Previous studies have shown the utility of transformation maps to highlight the migration of intense transformation for different density bins over the subpolar and subtropical gyres (Brambilla et al., 2008; Maze et al., 2009). Although the equation above can be used to integrate the transformation for any density bin, the integrand is calculated only over the surface area for the specified isopycnals that bracket the density of the source water for SPMW. Thus, the integration yields the magnitude of the transformation over the domain. In Sect. 4, we visualize the spatial distribution of the SPMW transformation variability by mapping the standard deviation of SFT and explore its sensitivity to two factors: the surface density and the air–sea fluxes. As further described below, annual SPMW transformations are estimated with time variable and/or monthly climatological surface density (D, which includes the variability of surface salinity and temperature) and air–sea fluxes (F, which includes the variability of Q, E and P).
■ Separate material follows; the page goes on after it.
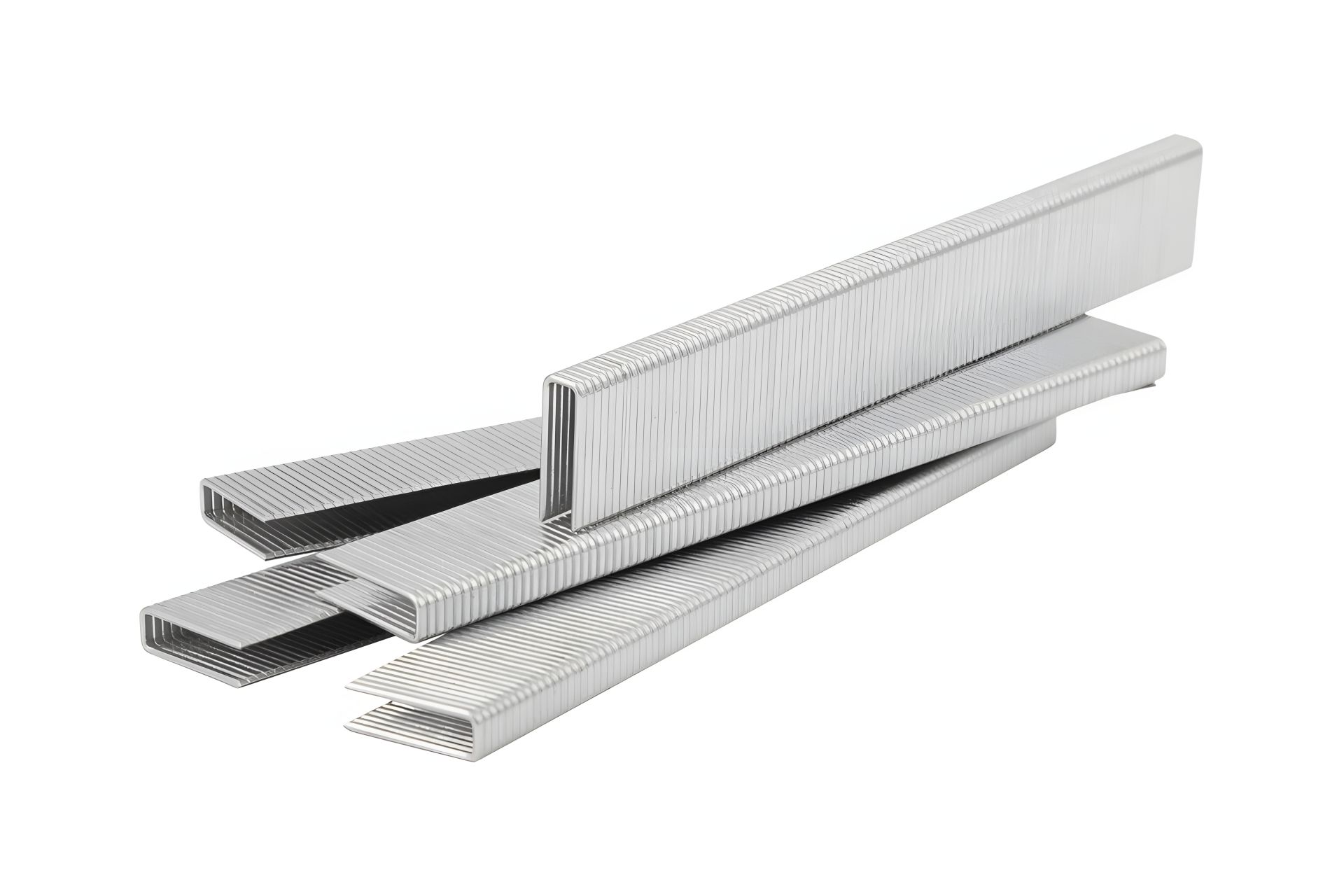 Закаленные скобы для пневмостеплера тип 90 18 мм/5.8х1.25 мм 15000 шт MASTERTOOL FX-2418 Закаленные скобы для пневмостеплера тип 90 18 мм/5.8х1.25 мм 15000 шт MASTERTOOL FX-2418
2.3 Surface area for the source water
The spatial pattern of the climatological mean surface density shows that the SPMW layer outcrops over a large part of the Iceland Basin during winter (Fig. 1a). To quantify the interannual variability of this outcrop between winters, we estimate the area between the two outcropped isopycnals of the SPMW layer (27.3–27.5 kg m−3) over our study domain, which is bounded by the OSNAP East section (1–4), the top of the Reykjanes Ridge and the Iceland–Faroe–Scotland Ridge, as indicated in Fig. 1a. This area is hereafter referred to as the surface area of the source water or simply the surface area.
The mean surface area of the source water over the Iceland Basin is 3.67 × 1011 m2 (40.2 % of the total area in the study domain) and is highly variable over the period 1980–2019, with a standard deviation of 1.53 × 1011 m2 (Fig. 1c). Interestingly, the surface area is more variable between 1980–1999 (1.63 × 1011 m2) than between 2000–2019 (1.34 × 1011 m2). The impact of this difference on SPMW transformation will be investigated in Sect. 4.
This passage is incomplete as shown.